As it currently stands, though, most of the focus in AFL these days is on the use of illicit drugs, such as ecstasy and cocaine rather than steroids, testosterone or EPO. Cocaine is regarded as performance-enhancing on game day and in 2019 Gold Coast Suns player Brayden Crossley tested positive for cocaine in a game-day test. Crossley was delisted by the Suns in 2020 despite having his ban quashed by ASADA.

In 2015, meanwhile, Collingwood pair Josh Thomas and Lachie Keeffe accepted two-year drug bans for taking the banned substance clenbuterol, regarded as a performance-enhancing drug both in and out of season. The pair argued that the drug they took was cocaine laced with the banned substance. Both players were delisted and fined $50,000 by the club, as stipulated under AFL and ASADA guidelines.

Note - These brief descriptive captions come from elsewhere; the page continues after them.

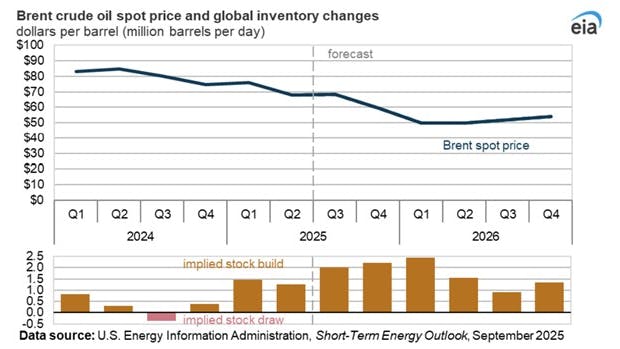 Brent crude oil spot price and global inventory changes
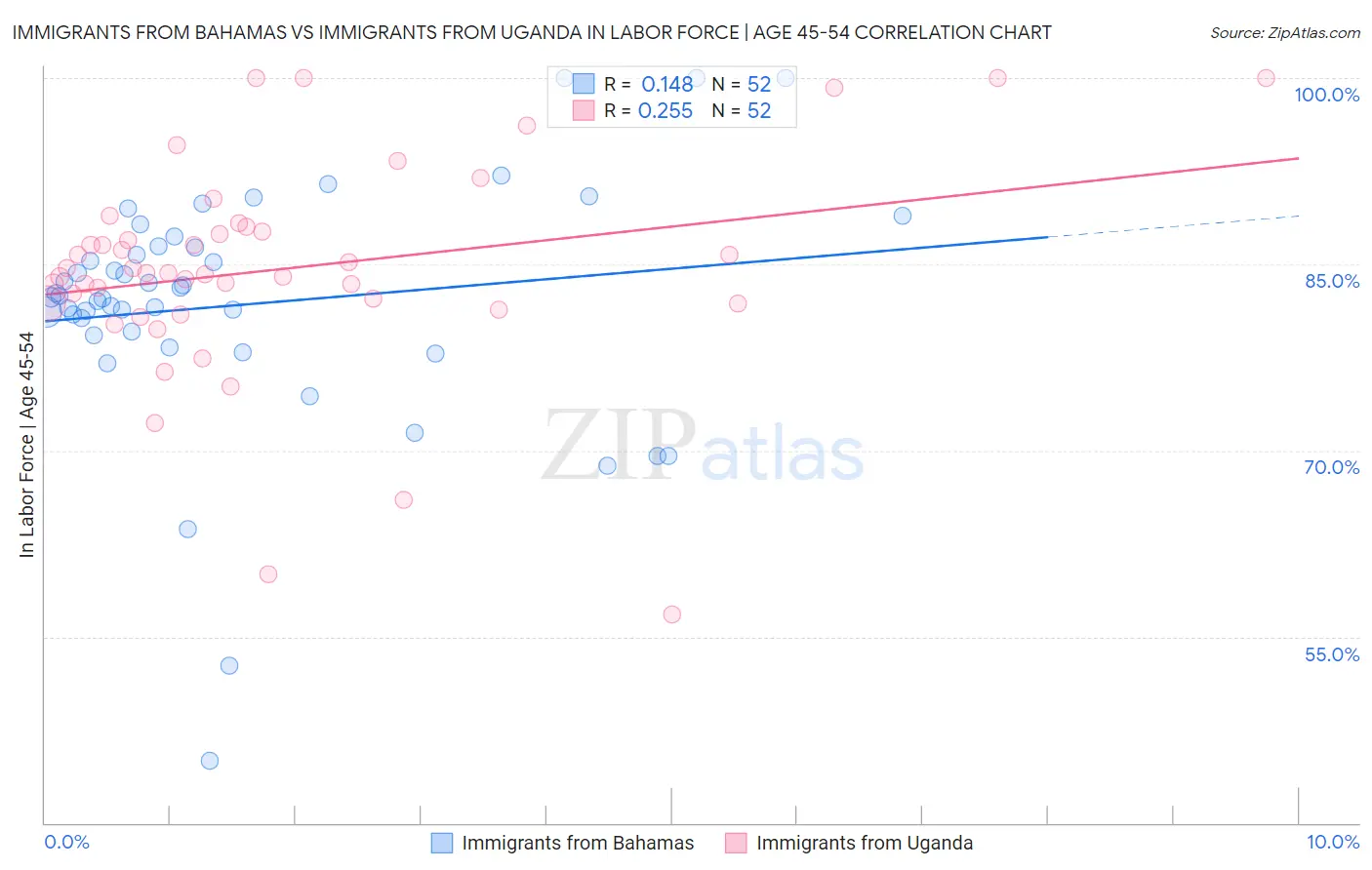 Immigrants from Bahamas vs Immigrants from Uganda In Labor Force | Age 45-54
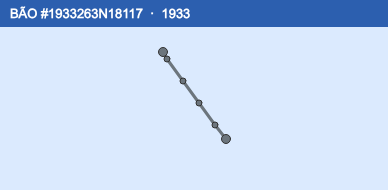Quỹ đạo di chuyển của BÃO #1933263N18117 (1933)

What is the NRL’s policy on performance enhancing drugs?

Under the NRL’s Anti-Doping Policy, any registered player can be tested at any time. Players are selected on a random or targeted basis both In-Competition (Match-Days) and Out-of-Competition.

But NRL players cannot be tested for drugs in the off-season, or on their days off, which means players can go months without fear of being tested. Once again, the focus is more on illicit drugs rather than PEDs.

The NRL has previously flagged a desire to test players during off-season holidays—set at nine weeks for the most experienced players. Under the current terms, players can only be tested when they’re in a club environment, either at training or in the pre-season, reports the Sydney Morning Herald.